A8: filter out seven event types from the events table, retrieve one more day of data, and establish multiple columnar cursors.

A10-A11: merge the event and session columnar cursors in order, and group by userid.

A12: for each userid group, align and group the eventtype by the order of 1, 2, 3, … ,7, making them correspond to 7 event types respectively. The filter condition in e1 through e7 includes the judgment of substring.

A13: merge e1 and e2 in order by sessionid, calculate the min eventtime that satisfies condition from the merged result, and filter out min values that are not null.

A14: perform distinct calculation on devicetype in e1, and calculate the min eventtime and the min sessionid from the result of merging e1 and e2; starting from e3, filter out the records that meet sessionid and time conditions, i.e., the events in e3 to e7 that meet conditions.

A15: calculate the distinct devicetype based on the cursor in A14; calculate the min time in e2, e3…e7, and merge into the original cursor.

A16: group and aggregate the small result sets in A15; the grouping field is devicetype, calculate the count value of each step in each group.

A17: convert the devicetype in the table sequence in A16 from sequence number to name.

When conducting type A test, we only need to remove the filter condition of eventmessage in A12.

## VII. Test results

1. Type A test (without eventmessage condition):

2. Type B test (with eventmessage condition):

3. Notes

i). The values in the tables are the calculation time, measured in seconds.

ii). Due to long computing time, Oracle is tested only on VM1 in type A test.

iii). Since an error will occur to StarRocks when calculating two or more steps, only one step can be calculated.

## VIII. Comments on test results

1. For funnel calculation, SPL performs the best, StarRocks is worse, and Oracle is the worst. SPL is 2-5 times faster than StarRocks and 15-60 times faster than Oracle in computing speed.
2. In type A test, when the number of funnel calculation steps increases from 3 to 7, the computing speed of StarRocks reduces by nearly 2 times, while that of SPL changes little. The reason is that between SQL steps, the JOIN calculation needs to be performed on sessionid or userid, and the more steps, the greater number of JOIN calculations, resulting in a corresponding decrease in performance. In contrast, SPL combines the same userid and sessionid together for calculation, avoiding repeated JOIN operations.
3. When other test conditions are the same, the computing speed of type B test is generally slower than that of type A test. In comparison, however, SPL changes less than StarRocks in computing speed, for the reason that although StarRocks’ vector-based calculation can make use of CPU characteristics to speed up, this kind of calculation works only for simple data types like int/long and doesn’t work for complex data like string, and will result in a significant performance decrease when involving string computation.
4. StarRocks limits the upper limit of memory (80% capacity of physical memory). Once the memory capacity of VM decreases, OOM will occur, resulting in a failure to obtain result. Because the JOIN operation of SQL is executed in the memory, it will consume more memory space. Especially for calculation involving string in type B test, the memory will bear a greater load, and as a result, OOM is more likely to occur. By contrast, SPL avoids repeated JOIN, making it possible to obtain calculation result with less memory space.
5. Conclusions:

SPL can utilize ordered storage, making it an ideal tool to perform user behavior analysis calculations such as funnel statistics: the total data amount is large, yet the data amount of each userid is not. Storing the data in order by userid and sessionid can not only achieve extreme performance, but also make code more concise.
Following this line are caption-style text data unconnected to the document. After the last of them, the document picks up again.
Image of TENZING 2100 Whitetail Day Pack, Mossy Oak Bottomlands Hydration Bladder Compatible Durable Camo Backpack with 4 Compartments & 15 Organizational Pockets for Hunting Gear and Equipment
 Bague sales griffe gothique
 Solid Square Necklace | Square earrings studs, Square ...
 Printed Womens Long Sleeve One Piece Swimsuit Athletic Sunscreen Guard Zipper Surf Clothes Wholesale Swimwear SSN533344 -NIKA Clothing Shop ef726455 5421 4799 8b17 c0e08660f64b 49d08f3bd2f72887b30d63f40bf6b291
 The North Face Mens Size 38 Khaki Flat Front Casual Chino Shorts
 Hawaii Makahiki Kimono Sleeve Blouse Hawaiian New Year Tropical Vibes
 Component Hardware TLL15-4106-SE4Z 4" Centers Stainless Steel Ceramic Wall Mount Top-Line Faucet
Funnel statistics is a quite complicated calculation. Although this calculation can be written in SQL, repeated join has to be employed. If this calculation is executed in the old database Oracle, it can get correct results, but the performance is poor. As a database with a short history, when StarRocks faces with such complex SQL code, errors would be reported directly. When only one calculation step is involved, StarRocks runs normally, but its performance is still far behind SPL; when multiple steps are involved, its performance will be poorer.